レオンが剣を抜き、ガラムが魔導銃を構えて周囲を警戒する中、アルスはふらふらとした足取りで、誰もが避けるような巨大な古木の根元へと向かった。
「……あ、あそこに。綺麗な小鳥がいたから……」
アルスがその根元にある特定の「瘤」を強く踏み抜いた瞬間。
カチリ、という石造りのような音が響き、絶対に破れないはずの結界が、まるで鏡が割れるように霧散した。
「……信じられん。そこが結界の基点だったのか」
ガラムが驚愕の声を上げる。アルスはただ小鳥を追いかけようとしただけだったが、その一歩がエルフが数千年も守り続けてきた秘術を無意識に解除してしまったのだ。

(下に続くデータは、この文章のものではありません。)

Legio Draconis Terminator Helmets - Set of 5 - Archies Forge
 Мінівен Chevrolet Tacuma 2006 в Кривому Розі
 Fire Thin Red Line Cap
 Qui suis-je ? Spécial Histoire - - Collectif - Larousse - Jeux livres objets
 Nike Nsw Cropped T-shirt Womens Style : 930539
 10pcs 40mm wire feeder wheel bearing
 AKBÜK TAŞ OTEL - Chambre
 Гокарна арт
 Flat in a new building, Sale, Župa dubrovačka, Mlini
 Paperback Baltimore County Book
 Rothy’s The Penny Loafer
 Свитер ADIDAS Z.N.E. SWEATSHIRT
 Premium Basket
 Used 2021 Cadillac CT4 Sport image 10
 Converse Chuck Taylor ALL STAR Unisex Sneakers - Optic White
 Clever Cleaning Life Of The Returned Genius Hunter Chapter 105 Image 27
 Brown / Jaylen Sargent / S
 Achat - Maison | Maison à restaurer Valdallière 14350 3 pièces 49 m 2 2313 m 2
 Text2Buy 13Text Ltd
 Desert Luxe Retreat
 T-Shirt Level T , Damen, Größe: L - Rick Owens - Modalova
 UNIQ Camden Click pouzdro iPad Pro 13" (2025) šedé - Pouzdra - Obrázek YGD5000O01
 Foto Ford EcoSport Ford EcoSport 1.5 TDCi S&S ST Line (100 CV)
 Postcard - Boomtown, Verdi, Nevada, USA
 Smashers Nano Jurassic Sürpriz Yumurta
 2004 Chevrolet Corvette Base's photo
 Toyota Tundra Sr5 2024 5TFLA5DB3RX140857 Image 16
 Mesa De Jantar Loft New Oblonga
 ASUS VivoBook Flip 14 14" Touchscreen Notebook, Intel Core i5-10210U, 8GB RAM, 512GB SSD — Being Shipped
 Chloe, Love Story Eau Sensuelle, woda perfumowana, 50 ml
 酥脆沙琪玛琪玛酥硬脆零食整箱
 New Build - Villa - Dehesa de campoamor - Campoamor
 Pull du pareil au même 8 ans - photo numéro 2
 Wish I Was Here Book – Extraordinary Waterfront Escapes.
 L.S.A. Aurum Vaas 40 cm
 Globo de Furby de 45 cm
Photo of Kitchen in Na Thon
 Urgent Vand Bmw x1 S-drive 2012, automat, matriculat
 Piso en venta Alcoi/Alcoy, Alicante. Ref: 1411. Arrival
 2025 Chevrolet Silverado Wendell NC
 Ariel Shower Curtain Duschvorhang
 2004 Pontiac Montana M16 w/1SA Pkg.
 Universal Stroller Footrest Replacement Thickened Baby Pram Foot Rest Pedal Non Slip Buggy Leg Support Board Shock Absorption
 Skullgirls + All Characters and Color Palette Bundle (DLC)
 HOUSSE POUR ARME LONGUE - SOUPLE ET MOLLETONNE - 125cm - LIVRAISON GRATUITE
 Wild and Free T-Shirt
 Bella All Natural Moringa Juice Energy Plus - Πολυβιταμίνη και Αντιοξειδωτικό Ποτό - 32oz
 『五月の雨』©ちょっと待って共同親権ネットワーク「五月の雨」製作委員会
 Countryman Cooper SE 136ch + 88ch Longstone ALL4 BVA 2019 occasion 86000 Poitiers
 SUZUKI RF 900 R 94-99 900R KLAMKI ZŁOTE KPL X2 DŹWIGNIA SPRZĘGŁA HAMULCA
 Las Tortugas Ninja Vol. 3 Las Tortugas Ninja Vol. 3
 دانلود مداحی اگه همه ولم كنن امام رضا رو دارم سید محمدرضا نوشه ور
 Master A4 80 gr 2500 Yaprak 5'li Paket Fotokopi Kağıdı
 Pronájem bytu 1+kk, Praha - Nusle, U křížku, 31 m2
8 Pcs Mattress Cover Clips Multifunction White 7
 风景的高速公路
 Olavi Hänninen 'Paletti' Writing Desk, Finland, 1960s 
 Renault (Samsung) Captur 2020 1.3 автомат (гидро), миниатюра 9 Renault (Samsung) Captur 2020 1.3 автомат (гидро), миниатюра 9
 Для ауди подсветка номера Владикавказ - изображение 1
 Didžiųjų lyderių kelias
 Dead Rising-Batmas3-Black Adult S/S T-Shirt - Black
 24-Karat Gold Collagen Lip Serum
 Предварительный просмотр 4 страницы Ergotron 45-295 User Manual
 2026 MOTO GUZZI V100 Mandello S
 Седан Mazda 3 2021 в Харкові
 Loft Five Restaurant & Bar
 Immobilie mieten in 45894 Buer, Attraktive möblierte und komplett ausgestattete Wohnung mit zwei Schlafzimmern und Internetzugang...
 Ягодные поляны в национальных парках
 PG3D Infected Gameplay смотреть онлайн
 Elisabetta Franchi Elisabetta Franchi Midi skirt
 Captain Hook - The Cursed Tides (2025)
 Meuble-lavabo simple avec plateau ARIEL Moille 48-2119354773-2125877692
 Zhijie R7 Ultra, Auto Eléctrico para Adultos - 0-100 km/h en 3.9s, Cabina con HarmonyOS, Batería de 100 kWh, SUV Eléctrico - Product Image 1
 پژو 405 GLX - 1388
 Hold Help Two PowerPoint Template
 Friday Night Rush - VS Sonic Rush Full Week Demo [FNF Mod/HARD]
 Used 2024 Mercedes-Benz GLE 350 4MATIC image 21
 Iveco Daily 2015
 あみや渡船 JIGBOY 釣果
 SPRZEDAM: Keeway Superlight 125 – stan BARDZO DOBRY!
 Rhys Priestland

しかし、結界が解けた先に待っていたのは、歓迎の宴ではなかった。
無数の矢の先をこちらに向ける、冷徹な瞳をしたエルフの守備隊。そして、その中央で静かに微笑む、絶世の美女――現エルフ長老、セレニアが立っていた。
「……不浄なる人間と、追放された『欠陥品』の娘。よくもこの聖域を汚してくれましたね」
セレニアの言葉には、氷のような殺意が宿っていた。
アルスはルナを強く抱きしめ、朦朧とする意識の中で彼女を見つめた。エルフの里を覆うのは、平穏ではなく、ドス黒い陰謀の気配だった。